Andrè Bernand (1985, p. 231) aponta uma data em torno de 423-422 a.C., talvez um pouco

antes. Sabemos que já havia por esse período um clamor pela paz de uma parcela da

sociedade. Aristófanes incansavelmente apresenta ao mesmo público de Eurípides suas

comédias propugnando pela paz. Basta pensar na situação bizarra da paz particular de trinta

anos estabelecida por Diceópolis em Acarnenses. Nesse caso, faz todo sentido Eurípides

levantar uma discussão dessa natureza em sua peça. Tucídides (IV, 117-119) afirma que no

verão de 423 a.C. atenienses e espartanos concluíram um acordo de paz de um ano e durante

esse período houve negociações relativas à paz definitiva. Findado o armistício, os conflitos

prosseguiriam, apenas com a morte dos dois maiores defensores da guerra – Cléon e Brásidas,

foi possível estabelecer um acordo, a Paz de Nícias (TUCÍDIDES, V, II, 27). Tanto

espartanos quanto atenienses pensavam na paz: os atenienses amargaram duas derrotas

sucessivas, em Délion e em Anfípolis; além disso, temiam uma revolta dos Aliados. Os

espartanos, por seu turno, viam a guerra se alongar mais do que o previsto e amargaram a

desastrosa calamidade de Esfactéria, concomitantemente, os hilotas se desertavam e podiam

se rebelar a qualquer momento (TUCÍDIDES, V 13-14). Diante dessas considerações,

Eurípides pode estar refletindo no palco os caminhos da guerra e uma perspectiva de paz.
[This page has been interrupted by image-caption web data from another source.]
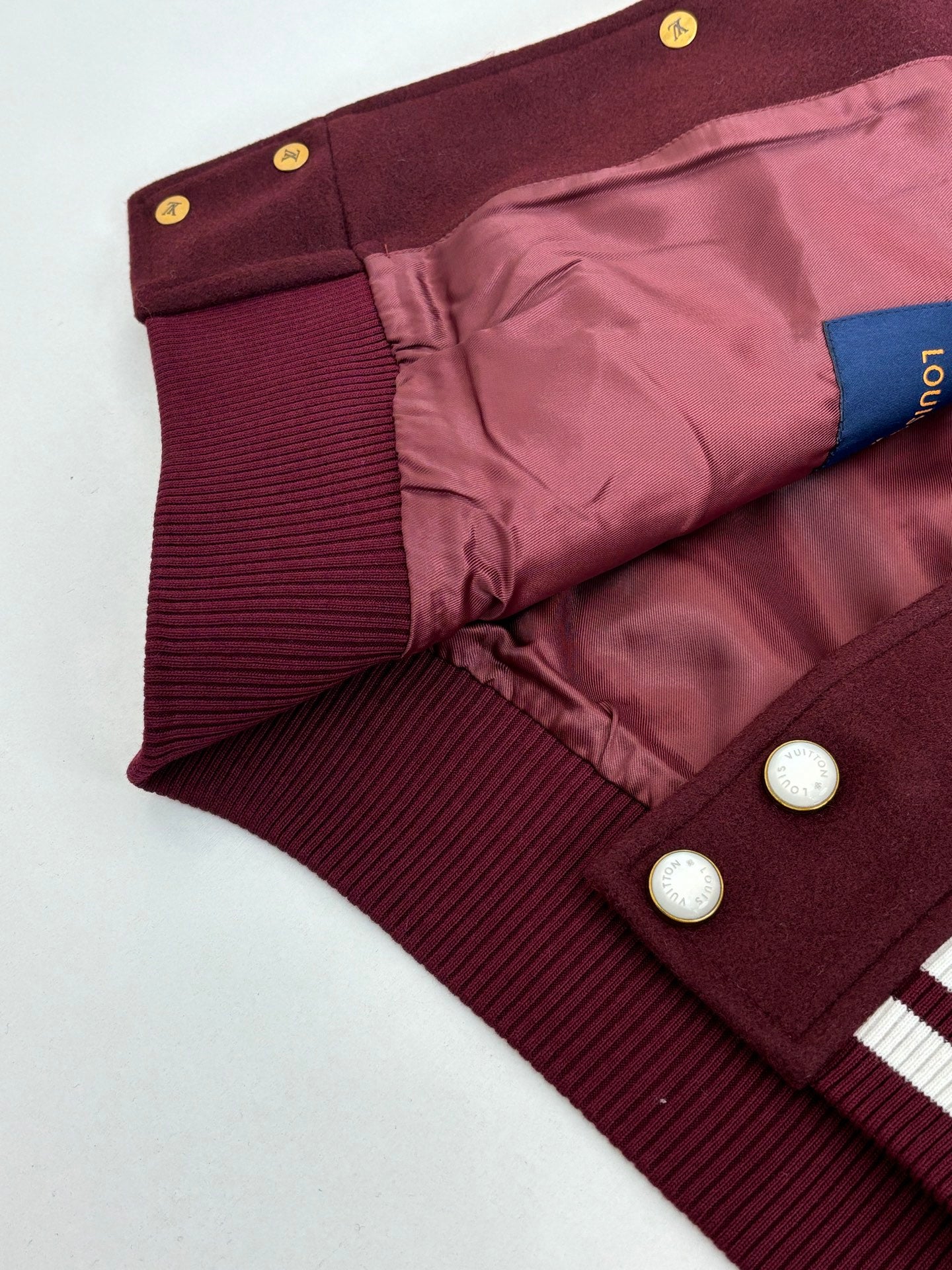 Inside view of burgundy varsity jacket lining with ribbed panels and snap buttons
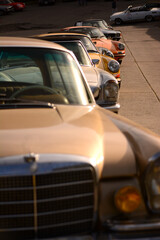 Parked cars, collector cars in a classic car race in Lu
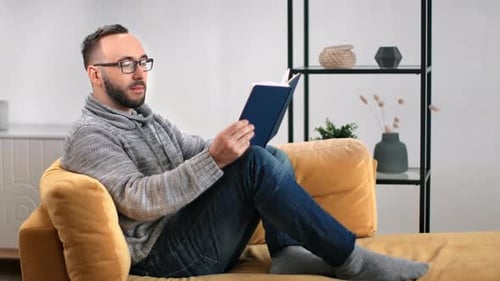 Man Relaxing at Home Reading Book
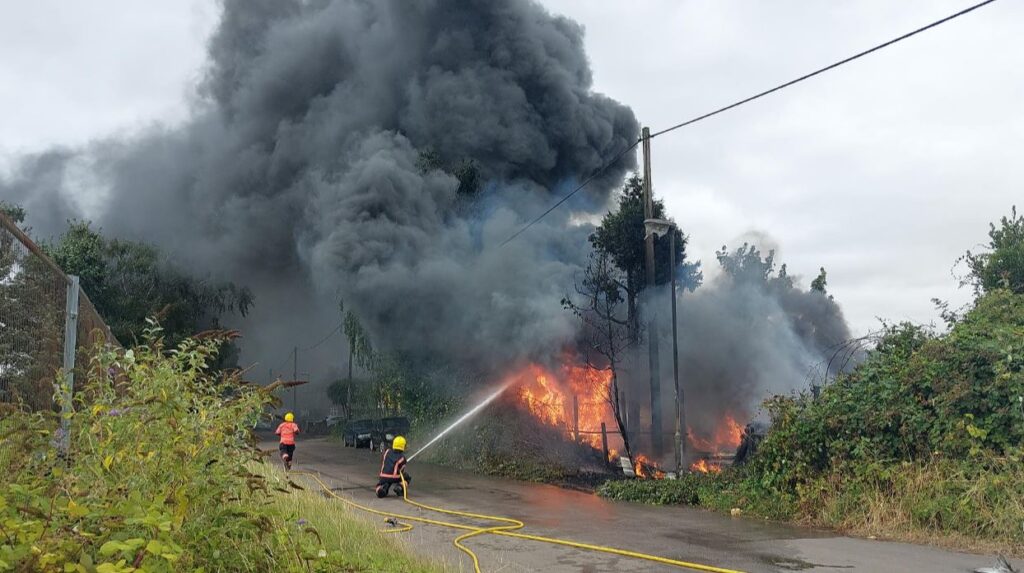 An electricity pylon in Oldfield Lane Wisbech caught fire after being used to illegally abstract power to run a cannabis factory in a neighbouring scrapyard. A second cannabis factory elsewhere was discovered. PHOTO: Policing Fenland/Cambs Fire and Rescue 
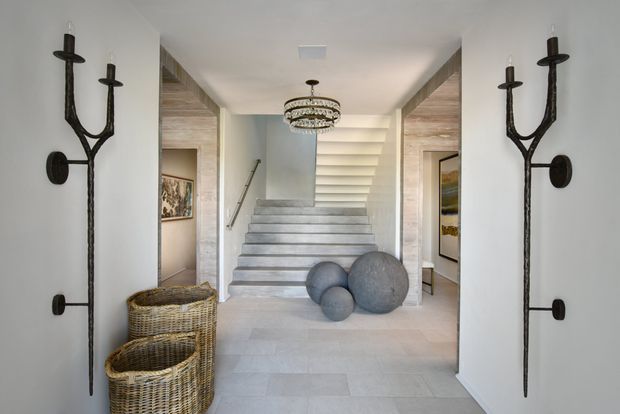 A refined residential entry hall viewed toward a broad staircase. The space features pale stone or tile flooring, light-toned walls, timber-lined recessed openings, a decorative crystal chandelier, sculptural dark metal wall sconces, woven basket storage, framed artwork, and large round stone-like decorative objects at the foot of the stairs. The staircase rises to a bright upper landing, creating an airy and elegant composition.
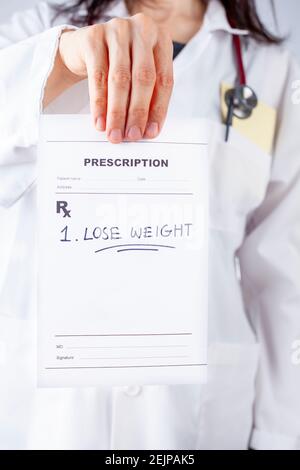 Una donna caucasica in camice bianco sta prescrivendo perdita di peso a un paziente obeso o sovrappeso nel suo ufficio. Un'immagine concettuale per lo stile di vita m Foto Stock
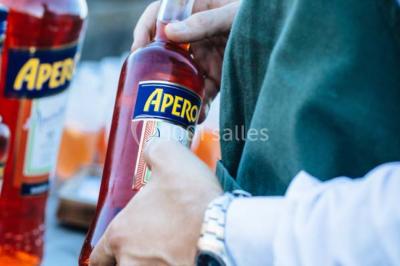 Des personnes discutent en petits groupes lors d'un événement dans une salle élégante avec des vitraux et une fresque murale.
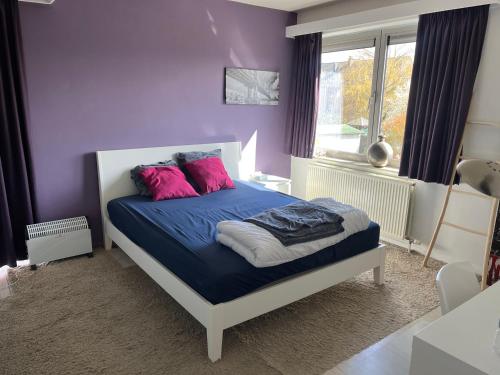 a bedroom with purple walls and a bed with pink pillows at Casa Leopardo in Hasselt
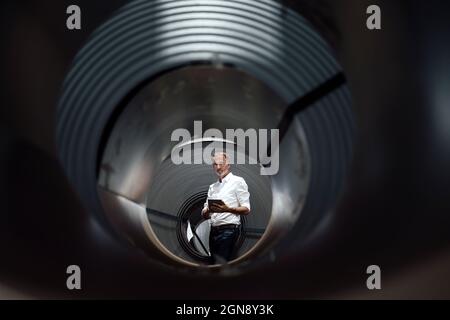 Businessman with digital tablet seen through rolled up metal sheet Stock Photo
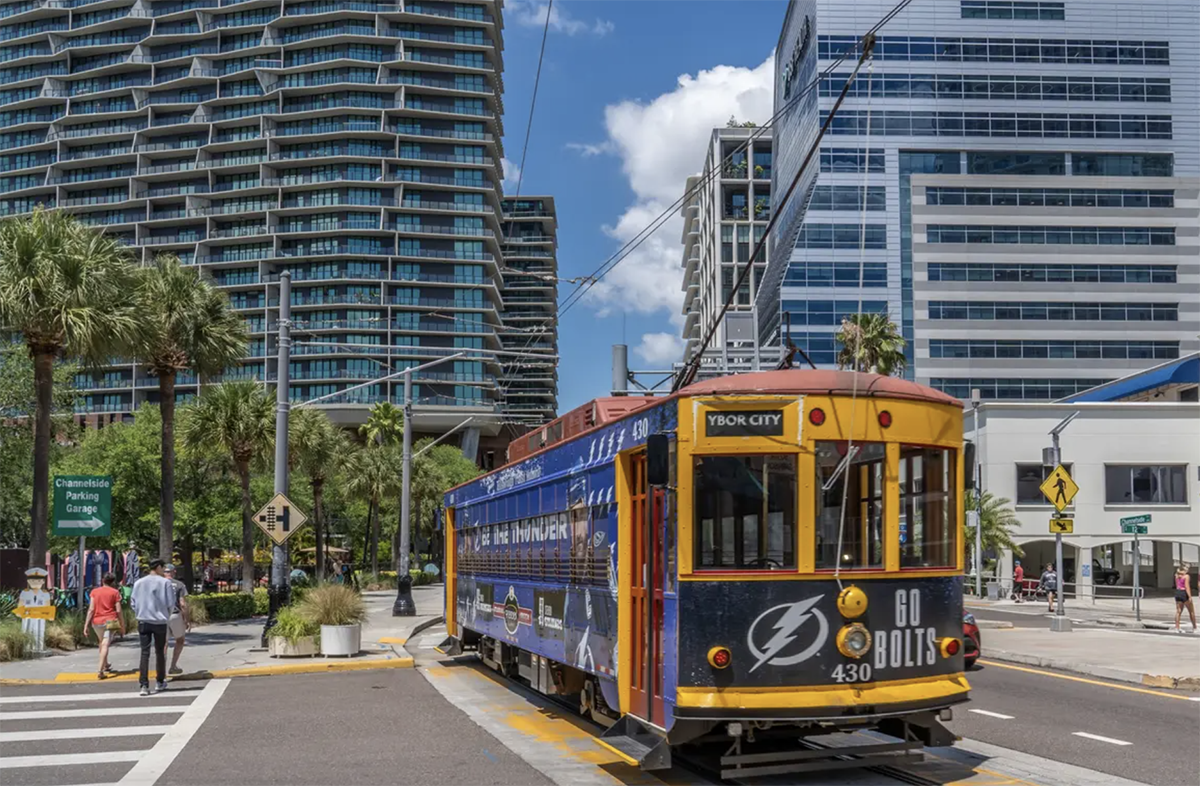a streetcar in the water street tampa neighborhood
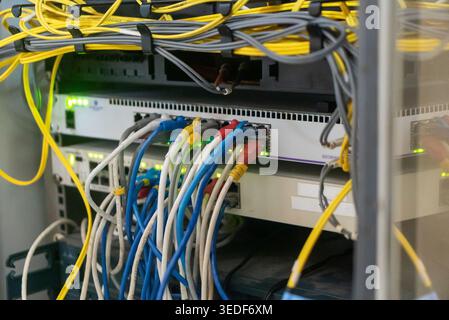 A close-up view of network equipment showcasing colorful cables. The scene highlights the intricacies of data transmission and connectivity in a serve Stock Photo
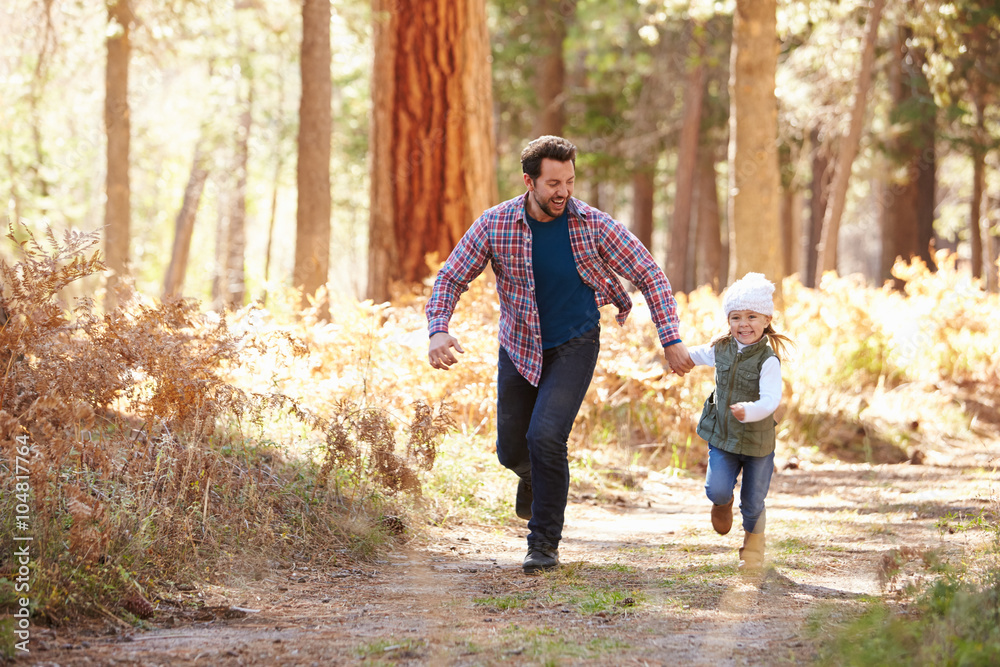 Father And Daughter Running Through Fall Woodland Father And Daughter Running Through Fall Woodland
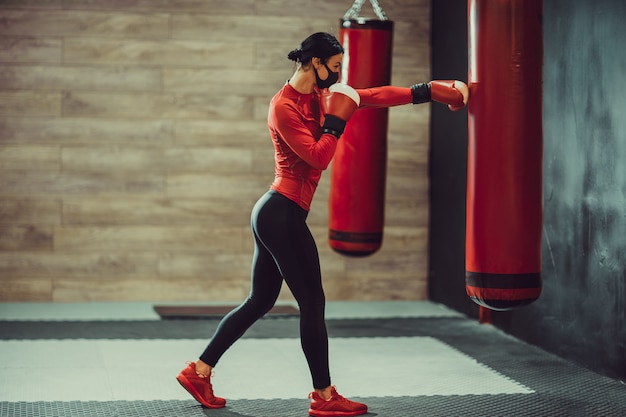 Chica con una máscara médica y guantes de boxeo.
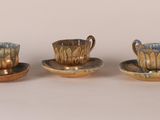 three coffee cups and saucers are sitting on a white surface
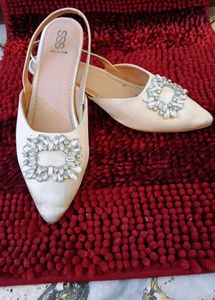 17. Elegant White Slingback Heels
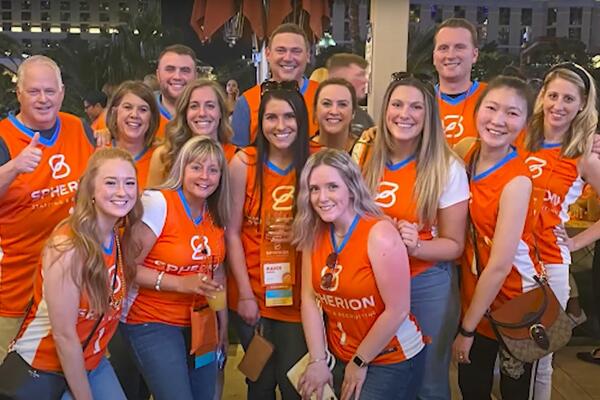 A group of Spherion colleagues smiles in orange Spherion jerseys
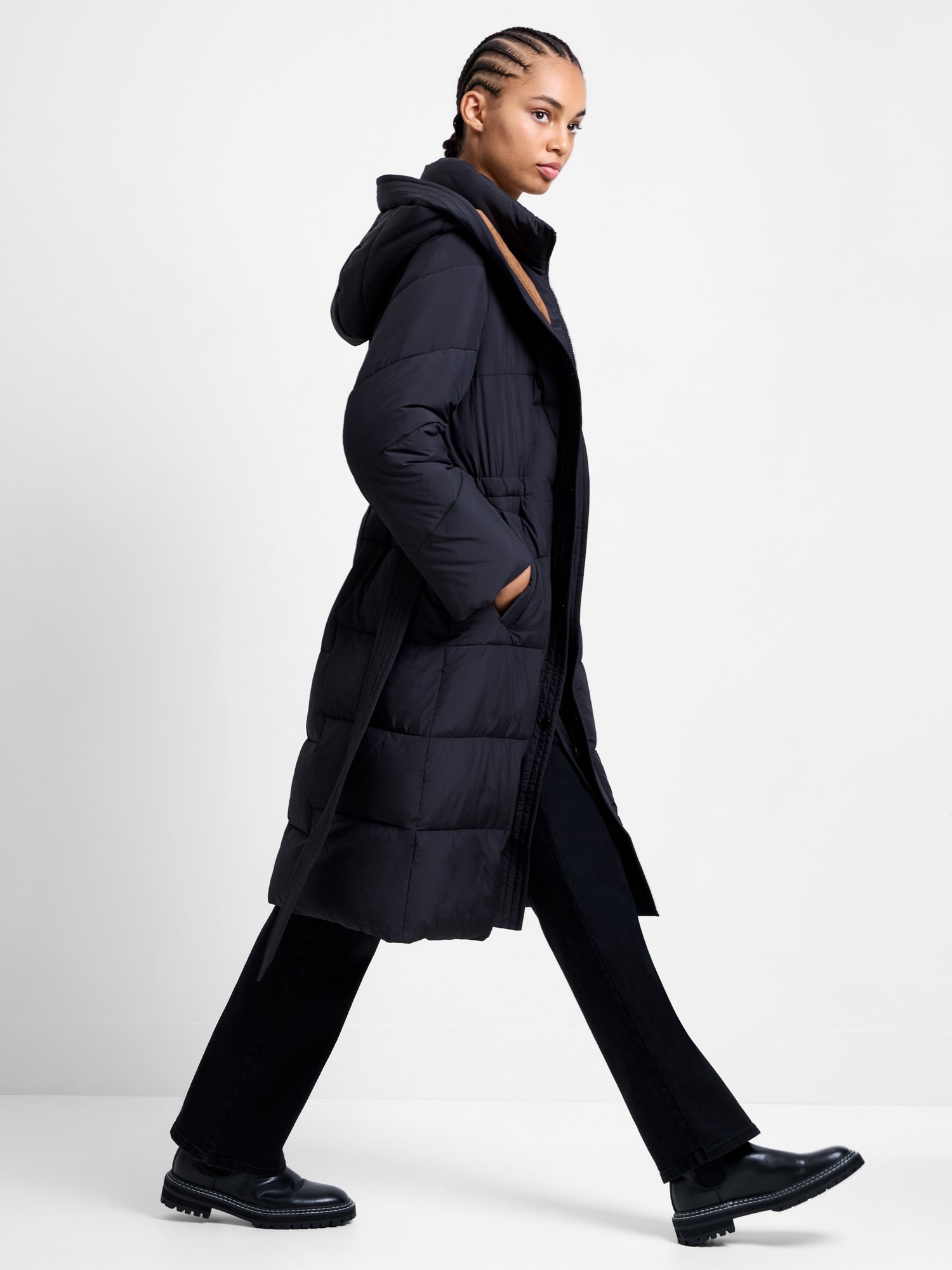 Long black belted hooded coat with a quilted design, featuring a relaxed fit, side pockets, and a stylish silhouette, paired with black pants and chunky black boots.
Nessa interpretação, Menelau e Neoptólemo191

representariam as duas coalizões gregas em

dissídio. Andrômaca, como dissemos acima, seria o símbolo ambíguo - da paz e da discórdia.

Peleu, o velho sábio e vencedor de bárbaros representaria o passado glorioso em que os

helenos se irmanavam para vencer o outro. Bastante sugestivo que a primeira reação de Peleu

ao enfrentar Menelau seja a busca do passado: “eu mesmo me exorto a recobrar a força da

juventude, agora ou nunca” (EUR., And., v. 547-578). Reforcemos – o velho quer voltar no

tempo, recuperar o vigor físico levado pelos anos de vida; simbolicamente esse regresso ao

191

Nesse momento não estamos interessados em analisar a segunda parte da peça, quando Neoptólemo vem a

morrer pelas mãos de Orestes. Pensamos que não há qualquer vinculação entre essa morte e Menelau; portanto,

detemo-nos exclusivamente na primeira parte da tragédia com a participação do espartano.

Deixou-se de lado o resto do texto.